Lo scrutinio in Indiana e North Carolina è finito in parità. Siamo arrivati a questo voto subito dopo la vittoria di Hillary Clinton in Pennsylvania, passando attraverso la sua rimonta nei sondaggi e le nuove polemiche attorno a Barack Obama a causa delle dichiarazioni del reverendo Jeremiah Wright. Nonostante le attese fossero per un buon risultato dell’ex first lady, la conta dei voti regala una serata magica al senatore dell’Illinois. In Indiana, dove Hillary era data in grande vantaggio dai sondaggi, la senatrice di New York la spunterà con un margine piuttosto limitato, che il sistema proporzionale di ripartizione dei superdelegati trasformerà in un sostanziale pareggio. In North Carolina, dove Obama era dato in vantaggio di una decina di punti percentuali, il senatore nero rischia seriamente di vincere con un vantaggio di oltre venti punti. Si era detto alla vigilia che Hillary avrebbe festeggiato vincendo di due cifre in Indiana e perdendo di una in North Carolina, si era detto che a Obama sarebbe andato bene il contrario. Stando a quel che abbiamo appreso, chi festeggia è Obama.

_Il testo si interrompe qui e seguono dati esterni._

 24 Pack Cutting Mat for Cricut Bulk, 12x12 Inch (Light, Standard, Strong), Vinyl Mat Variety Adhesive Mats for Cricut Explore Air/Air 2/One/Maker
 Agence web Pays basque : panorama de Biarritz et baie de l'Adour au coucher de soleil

SPIN FOR ALL – David Axelrod, lo stratega politico di Obama, ha dichiarato durante un briefing per la stampa che si augura Hillary possa ritirarsi dalla gara e lasciare che possa avere ufficialmente inizio la campagna elettorale in vista delle elezioni presidenziali di novembre. Quando un giornalista della Cnn gli ha chiesto quale fosse la sua opinione della strategia della Clinton, lui ha risposto a muso duro: “Hillary non ha alcuna strategia per vincere la nomination; la strategia di Hillary è distruggere Obama e arrivare viva alla convention, per poi spaccare il partito”. Nessuna risposta dal quartier generale di Hillary, dove possiamo intuire non soffi una grandissima aria. Lo spin è spin, e quindi è normale che Axelrod dica questo e nient’altro; è vero però che la corsa di Hillary somiglia ogni giorno di più a un vicolo cieco.

IMPOSSIBLE IS SOMETHING – Col voto di questa notte le possibilità di Hillary Clinton di conquistare la nomination si riducono ulteriormente. Lo svantaggio sul fronte degli stati vinti è ormai incolmabile; quello sul fronte dei delegati sarebbe colmabile solo inanellando una serie di improbabili con percentuali vicine all’80%; quello sul voto popolare è ancora molto lontano, specie dopo l’ulteriore scatto in avanti fatto da Obama col voto di oggi. Le prossime tappe delle primarie avranno luogo nel giro di un mese: il 13 maggio in West Virginia, il 20 in Kentucky e Oregon, l’1 giugno a Puerto Rico e il 4 giugno in Montana e South Dakota. Poi sarà finita, forse. Se a quel punto la gara sarà decisa o uno dei due candidati avrà deciso di ritirarsi, quello sarà il calcio d’inizio della campagna elettorale per le presidenziali. Se invece la situazione sarà ancora blindata, allora non resterebbe che ricorrere al delicatissimo tempo supplementare della convention. Questo scenario è però ostacolato da due fattori. Primo: è prevedibile che col passare dei giorni aumentino sempre di più i superdelegati indecisi che appoggeranno Obama – perché restare indeciso così a lungo se non per appoggiare il vincitore designato? Secondo: è prevedibile che anche lo stato maggiore del partito (Dean, Reid, Pelosi – gli ultimi interessati a risolvere tutto alla convention) intensifichi la sua opera di moral suasion nei confronti della senatrice Clinton per convincerla a ritirarsi dalla corsa.

FATTORE GORE – Il punto è che con Hillary rischia di finire dentro un vicolo cieco l’intero partito democratico, specie se Obama dovesse mancare l’affondo finale negli ultimi giri di giostra. Una delle ipotesi surreali più diffuse, in rete e tra gli addetti ai lavori, vede Al Gore – che non ha ancora fatto alcun endorsement – pronto a spendere la sua enorme popolarità proprio durante la convention proponendosi come candidato in grado di unificare il partito e centrando così una nuova nomination, alla faccia di queste fantastiche primarie durate praticamente sei mesi. Non sappiamo se si tratta davvero di una leggenda metropolitana, ma se dovessimo misurare il grado di ansia dentro il partito democratico attraverso la diffusione di questa storia, beh, allora la cosa sarebbe allarmante: stanotte sulla Cnn a nessun opinionista democratica è stata risparmiata la fatidica domanda sulla questione Gore. E avreste dovuto vederli rispondere.